Like a cage full of birds, their houses are full of deceit; therefore they have become great and rich;
they have grown fat and sleek. They know no bounds in deeds of evil; they judge not with justice
the cause of the fatherless, to make it prosper, and they do not defend the rights of the needy.
Shall I not punish them for these things? declares the LORD,
and shall I not avenge myself on a nation such as this?”
Just in case it wasn’t abundantly clear; that was God speaking to Israel, His own chosen and covenanted people. This text is full of wrath, but the love of God can also be seen; He is sending destruction upon Israel because they were committing evil by oppressing the poor, needy and fatherless. God was coming to the defence of human beings who He loves, by unleashing His wrath upon those who dared to oppress them.

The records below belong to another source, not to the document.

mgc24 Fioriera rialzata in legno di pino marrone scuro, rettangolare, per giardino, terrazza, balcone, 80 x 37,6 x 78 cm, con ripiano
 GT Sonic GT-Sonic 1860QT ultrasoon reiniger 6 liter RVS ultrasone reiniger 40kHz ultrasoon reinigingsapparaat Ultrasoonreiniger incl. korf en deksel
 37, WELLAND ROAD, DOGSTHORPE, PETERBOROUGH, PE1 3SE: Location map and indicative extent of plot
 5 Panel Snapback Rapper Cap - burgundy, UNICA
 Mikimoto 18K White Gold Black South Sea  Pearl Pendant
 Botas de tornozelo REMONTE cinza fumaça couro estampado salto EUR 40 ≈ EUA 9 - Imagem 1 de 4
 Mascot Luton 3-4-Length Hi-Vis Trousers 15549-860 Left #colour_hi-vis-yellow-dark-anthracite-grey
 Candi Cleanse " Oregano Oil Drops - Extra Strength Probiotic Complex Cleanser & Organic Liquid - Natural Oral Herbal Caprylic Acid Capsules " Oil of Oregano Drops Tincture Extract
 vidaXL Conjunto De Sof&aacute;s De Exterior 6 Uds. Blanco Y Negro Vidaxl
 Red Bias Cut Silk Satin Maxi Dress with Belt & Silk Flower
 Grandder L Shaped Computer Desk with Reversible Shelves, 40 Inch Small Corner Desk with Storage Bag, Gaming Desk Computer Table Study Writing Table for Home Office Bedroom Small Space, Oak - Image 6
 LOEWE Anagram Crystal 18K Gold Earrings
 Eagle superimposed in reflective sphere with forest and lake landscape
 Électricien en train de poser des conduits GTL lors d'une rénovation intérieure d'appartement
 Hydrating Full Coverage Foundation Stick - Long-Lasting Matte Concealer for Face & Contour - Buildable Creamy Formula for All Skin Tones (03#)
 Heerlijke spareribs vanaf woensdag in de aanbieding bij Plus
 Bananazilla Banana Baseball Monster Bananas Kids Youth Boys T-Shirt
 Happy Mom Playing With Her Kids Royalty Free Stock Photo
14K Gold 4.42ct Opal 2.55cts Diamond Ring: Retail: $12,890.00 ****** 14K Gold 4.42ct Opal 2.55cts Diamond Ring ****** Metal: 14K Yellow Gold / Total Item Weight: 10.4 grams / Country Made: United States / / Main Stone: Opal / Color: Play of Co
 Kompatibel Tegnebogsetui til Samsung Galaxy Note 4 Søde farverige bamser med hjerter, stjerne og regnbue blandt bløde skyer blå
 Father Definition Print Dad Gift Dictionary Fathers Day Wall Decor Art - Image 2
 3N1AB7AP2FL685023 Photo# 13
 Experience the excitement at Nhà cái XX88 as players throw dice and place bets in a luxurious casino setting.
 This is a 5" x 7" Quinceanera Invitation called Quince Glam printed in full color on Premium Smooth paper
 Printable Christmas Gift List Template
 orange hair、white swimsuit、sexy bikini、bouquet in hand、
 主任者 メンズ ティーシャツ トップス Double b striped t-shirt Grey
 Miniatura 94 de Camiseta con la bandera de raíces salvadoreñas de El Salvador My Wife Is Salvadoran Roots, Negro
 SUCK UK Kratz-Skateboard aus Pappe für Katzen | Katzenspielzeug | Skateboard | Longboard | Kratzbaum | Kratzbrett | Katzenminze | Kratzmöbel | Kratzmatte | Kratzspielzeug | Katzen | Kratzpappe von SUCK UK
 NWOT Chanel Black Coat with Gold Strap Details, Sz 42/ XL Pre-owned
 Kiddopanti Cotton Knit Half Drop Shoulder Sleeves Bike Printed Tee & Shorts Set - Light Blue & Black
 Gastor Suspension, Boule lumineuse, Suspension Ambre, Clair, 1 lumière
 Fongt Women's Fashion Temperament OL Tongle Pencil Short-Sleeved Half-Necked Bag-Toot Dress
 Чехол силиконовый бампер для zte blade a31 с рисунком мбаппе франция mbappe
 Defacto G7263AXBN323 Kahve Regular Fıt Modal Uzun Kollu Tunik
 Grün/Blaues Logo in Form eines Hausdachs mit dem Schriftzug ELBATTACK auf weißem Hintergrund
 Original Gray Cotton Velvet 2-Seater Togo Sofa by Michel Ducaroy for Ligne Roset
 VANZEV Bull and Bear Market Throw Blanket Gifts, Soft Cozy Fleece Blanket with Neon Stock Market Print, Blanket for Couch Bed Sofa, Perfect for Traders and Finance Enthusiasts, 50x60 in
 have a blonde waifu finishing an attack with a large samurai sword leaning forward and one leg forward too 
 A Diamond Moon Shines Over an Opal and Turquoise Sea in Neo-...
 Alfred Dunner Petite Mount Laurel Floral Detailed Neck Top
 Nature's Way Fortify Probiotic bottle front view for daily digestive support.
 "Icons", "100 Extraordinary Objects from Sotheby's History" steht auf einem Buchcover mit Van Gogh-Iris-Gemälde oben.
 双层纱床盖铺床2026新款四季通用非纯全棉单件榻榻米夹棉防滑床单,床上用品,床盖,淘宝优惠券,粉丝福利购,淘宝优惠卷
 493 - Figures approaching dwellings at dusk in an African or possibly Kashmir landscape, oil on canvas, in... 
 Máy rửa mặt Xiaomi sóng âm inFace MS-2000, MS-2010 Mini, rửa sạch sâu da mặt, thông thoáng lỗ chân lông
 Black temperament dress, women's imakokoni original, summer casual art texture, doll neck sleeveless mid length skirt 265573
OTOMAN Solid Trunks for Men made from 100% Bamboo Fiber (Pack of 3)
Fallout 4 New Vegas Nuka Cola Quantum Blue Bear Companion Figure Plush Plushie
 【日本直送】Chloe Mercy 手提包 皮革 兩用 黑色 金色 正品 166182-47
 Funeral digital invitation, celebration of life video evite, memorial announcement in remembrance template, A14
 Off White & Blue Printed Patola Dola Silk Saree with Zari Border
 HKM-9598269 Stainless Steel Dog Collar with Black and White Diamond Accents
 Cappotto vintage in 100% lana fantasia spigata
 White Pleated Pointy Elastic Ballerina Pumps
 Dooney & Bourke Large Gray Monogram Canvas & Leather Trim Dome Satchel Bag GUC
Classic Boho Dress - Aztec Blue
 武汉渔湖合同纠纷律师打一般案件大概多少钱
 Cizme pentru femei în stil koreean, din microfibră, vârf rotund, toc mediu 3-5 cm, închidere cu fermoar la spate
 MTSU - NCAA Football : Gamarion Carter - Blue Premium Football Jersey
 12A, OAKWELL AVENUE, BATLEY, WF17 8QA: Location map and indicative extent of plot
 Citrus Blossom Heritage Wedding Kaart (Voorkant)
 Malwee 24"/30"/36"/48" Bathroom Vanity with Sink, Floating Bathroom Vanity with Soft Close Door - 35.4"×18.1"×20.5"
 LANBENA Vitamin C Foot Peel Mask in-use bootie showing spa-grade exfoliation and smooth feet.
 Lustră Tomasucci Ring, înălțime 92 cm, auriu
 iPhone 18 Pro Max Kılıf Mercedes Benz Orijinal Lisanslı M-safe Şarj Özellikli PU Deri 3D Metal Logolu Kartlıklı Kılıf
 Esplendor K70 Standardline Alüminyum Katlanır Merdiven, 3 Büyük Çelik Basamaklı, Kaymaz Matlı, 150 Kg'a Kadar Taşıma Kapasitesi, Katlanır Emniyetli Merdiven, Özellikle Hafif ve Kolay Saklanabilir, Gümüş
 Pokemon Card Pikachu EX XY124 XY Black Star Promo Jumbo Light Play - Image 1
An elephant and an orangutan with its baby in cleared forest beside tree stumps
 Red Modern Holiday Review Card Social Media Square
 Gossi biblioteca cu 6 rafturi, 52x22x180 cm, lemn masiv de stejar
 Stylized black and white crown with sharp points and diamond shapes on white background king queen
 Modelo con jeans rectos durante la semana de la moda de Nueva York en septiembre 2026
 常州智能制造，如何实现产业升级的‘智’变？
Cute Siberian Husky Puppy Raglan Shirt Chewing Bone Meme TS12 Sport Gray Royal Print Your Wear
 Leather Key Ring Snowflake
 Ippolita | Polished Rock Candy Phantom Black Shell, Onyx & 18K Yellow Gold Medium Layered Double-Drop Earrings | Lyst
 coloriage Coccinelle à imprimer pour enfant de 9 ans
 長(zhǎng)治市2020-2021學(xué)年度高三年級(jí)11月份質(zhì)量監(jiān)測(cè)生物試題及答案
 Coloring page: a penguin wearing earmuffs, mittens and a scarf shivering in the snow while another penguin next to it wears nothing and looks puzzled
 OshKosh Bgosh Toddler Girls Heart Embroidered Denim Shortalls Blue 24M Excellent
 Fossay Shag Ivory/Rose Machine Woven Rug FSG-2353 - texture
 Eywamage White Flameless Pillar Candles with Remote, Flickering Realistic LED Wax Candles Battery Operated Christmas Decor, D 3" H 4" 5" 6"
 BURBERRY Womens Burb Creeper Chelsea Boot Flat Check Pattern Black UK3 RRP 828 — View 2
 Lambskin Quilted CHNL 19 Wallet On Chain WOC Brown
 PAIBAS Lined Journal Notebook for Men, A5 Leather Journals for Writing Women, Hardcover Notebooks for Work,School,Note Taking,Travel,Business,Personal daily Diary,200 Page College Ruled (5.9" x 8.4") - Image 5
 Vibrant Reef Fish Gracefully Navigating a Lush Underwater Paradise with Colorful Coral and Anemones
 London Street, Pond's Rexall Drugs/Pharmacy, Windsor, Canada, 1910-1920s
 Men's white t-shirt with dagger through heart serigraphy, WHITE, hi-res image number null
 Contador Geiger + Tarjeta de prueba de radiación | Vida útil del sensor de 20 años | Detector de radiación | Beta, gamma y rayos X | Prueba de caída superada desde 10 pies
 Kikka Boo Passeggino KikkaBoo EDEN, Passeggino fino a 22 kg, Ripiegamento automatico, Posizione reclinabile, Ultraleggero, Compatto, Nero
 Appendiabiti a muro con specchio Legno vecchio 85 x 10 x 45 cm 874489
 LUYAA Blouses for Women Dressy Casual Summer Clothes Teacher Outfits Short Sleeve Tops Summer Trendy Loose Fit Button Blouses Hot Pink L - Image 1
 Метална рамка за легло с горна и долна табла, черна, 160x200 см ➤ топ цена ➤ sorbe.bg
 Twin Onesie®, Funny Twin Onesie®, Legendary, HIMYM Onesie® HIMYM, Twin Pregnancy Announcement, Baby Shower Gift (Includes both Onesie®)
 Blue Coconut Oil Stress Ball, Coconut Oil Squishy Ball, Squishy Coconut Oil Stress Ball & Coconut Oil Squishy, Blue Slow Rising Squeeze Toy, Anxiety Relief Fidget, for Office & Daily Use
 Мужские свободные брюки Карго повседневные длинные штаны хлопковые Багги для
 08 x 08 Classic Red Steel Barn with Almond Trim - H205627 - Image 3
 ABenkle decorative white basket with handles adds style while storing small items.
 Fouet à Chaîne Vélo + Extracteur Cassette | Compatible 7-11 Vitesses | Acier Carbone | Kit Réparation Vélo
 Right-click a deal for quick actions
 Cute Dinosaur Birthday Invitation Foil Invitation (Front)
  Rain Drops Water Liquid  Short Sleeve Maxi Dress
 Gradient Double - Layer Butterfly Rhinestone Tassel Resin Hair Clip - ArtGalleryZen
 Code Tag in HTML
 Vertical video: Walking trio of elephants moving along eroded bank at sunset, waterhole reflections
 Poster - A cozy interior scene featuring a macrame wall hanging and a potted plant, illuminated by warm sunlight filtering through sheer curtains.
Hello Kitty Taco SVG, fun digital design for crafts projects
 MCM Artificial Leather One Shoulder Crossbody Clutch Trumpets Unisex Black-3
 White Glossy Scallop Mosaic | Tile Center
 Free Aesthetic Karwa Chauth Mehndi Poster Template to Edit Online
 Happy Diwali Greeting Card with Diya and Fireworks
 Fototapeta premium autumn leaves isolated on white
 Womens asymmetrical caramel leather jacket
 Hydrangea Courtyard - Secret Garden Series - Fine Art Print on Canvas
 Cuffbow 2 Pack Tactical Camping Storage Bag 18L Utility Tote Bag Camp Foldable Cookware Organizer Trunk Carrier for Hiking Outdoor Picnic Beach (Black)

The righteous, wrathful Judge and the God of Love; both aspects of God’s character are present in this text.
Does God hate anyone? My personal opinion is that no, He doesn’t. Throughout scripture, God is shown repeatedly to bring wrath upon those who oppress and destroy, yet is shown as willing to forgive them as well (the story of Israel’s relationship with God is testament to that). He metes out mercy to those who deserve mercy, and wrath to those who deserves wrath.
Ultimately, however, you should read through the scriptures, listen to sermons on it, and decide yourself.
* Side note: the man who first came up with that idea – Marcion – was denounced as a heretic for pretty much ejecting much of Christian doctrine, in the 2nd century AD. He was also the one who separated the Tanakh and the Gospels into the ‘Old’ Testament and ‘New’ Testament…which we still use to this day.